Bill Detwiler: So I’d love to wrap up by just getting a little bit of your sense about where we’re heading in terms of AI and machine learning in respect to smart home devices. What do you see kind of on the horizon? Not specifically about anything you’re working on there at Alexa, or Amazon’s working on, so you don’t have to reveal any kind of roadmap. But just thinking about in general, as someone who’s been in this field for a while now, you kind of start to see kind of trends. What has you excited about the possibilities for AI and machine learning with Smart Home?

Evan Welbourne: Yeah, yeah. I am quite excited. My whole career has been about smart devices and applying machine learning to smart devices, so I’m really excited about where we are now. I think probably the key takeaway, and sort of the key point for machine learning and AI applied in the space is that whether we’re kind of streamlining that basic experience, making it work for everybody, or whether we’re doing something a little more proactive for the customer, like Hunches, or the Guard feature, it’s sort of number one that technologies like voice are a great simplifier. We’ve already seen that with Alexa. It’s really what’s brought smart home to a much wider audience, and we’re trying to leverage that.

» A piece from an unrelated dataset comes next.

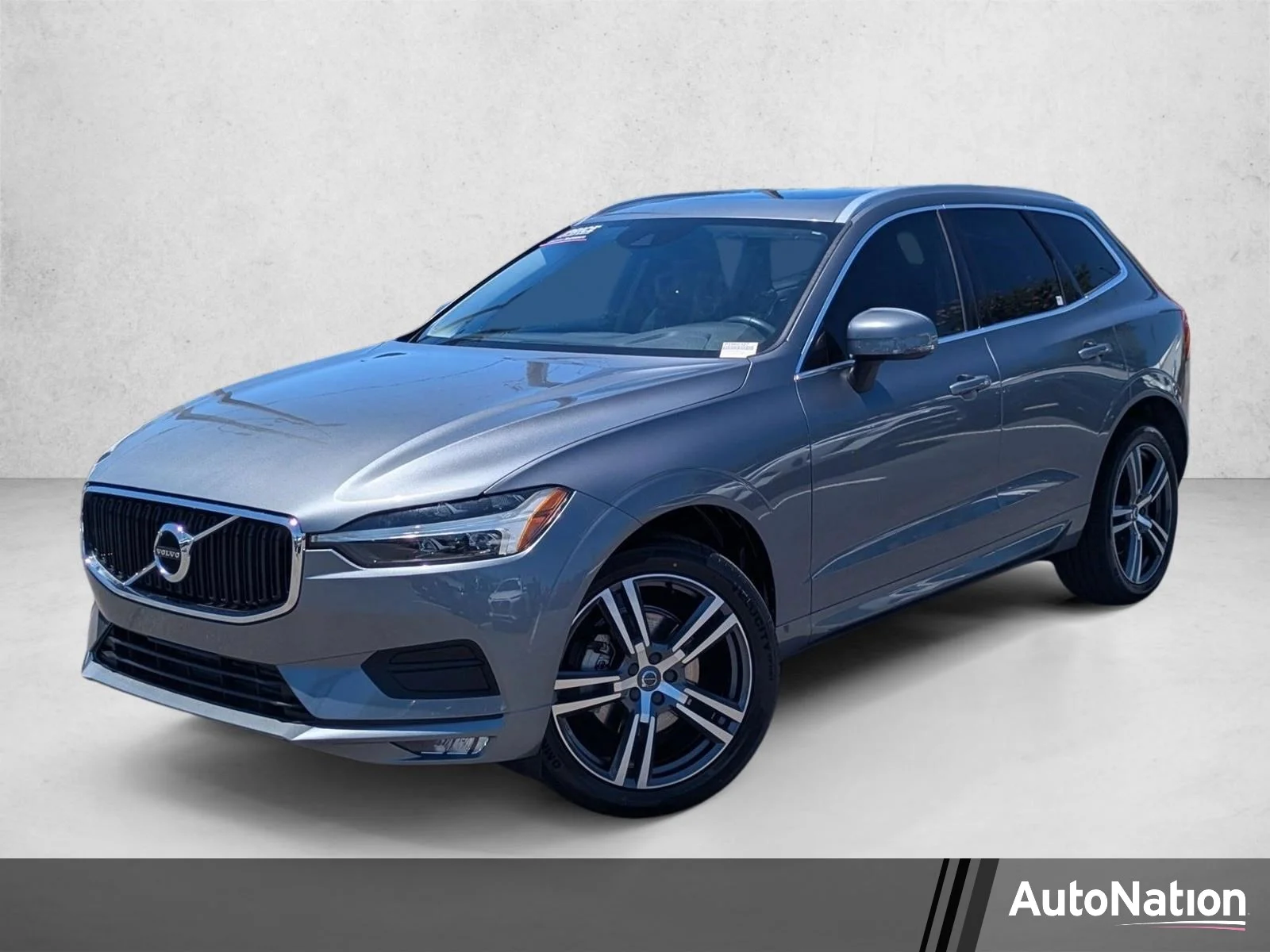 2021 Volvo XC60 T5 Momentum FWD's photo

But even more so, it’s the application of machine learning to the physical world, to that context about sort of the behavioral data, the environmental context. That’s really what lets us operate intelligently in the physical world. And so it’s about kind of fusing more of that contextual information into the experience for the customer that’s going to kind of unlock the next wave of smart device experiences and sort of more proactive experiences, whether it’s sort of understanding your intentions in the home, even longer term intentions about goals you want to accomplish in the home beyond turning on and off lights.

You want to save money, or whatever it is, all of that’s going to come back to this kind of a little more physical context. Where’s the sun right now? What’s the weather like? All of this kind of information is super important in addition to that voice understanding.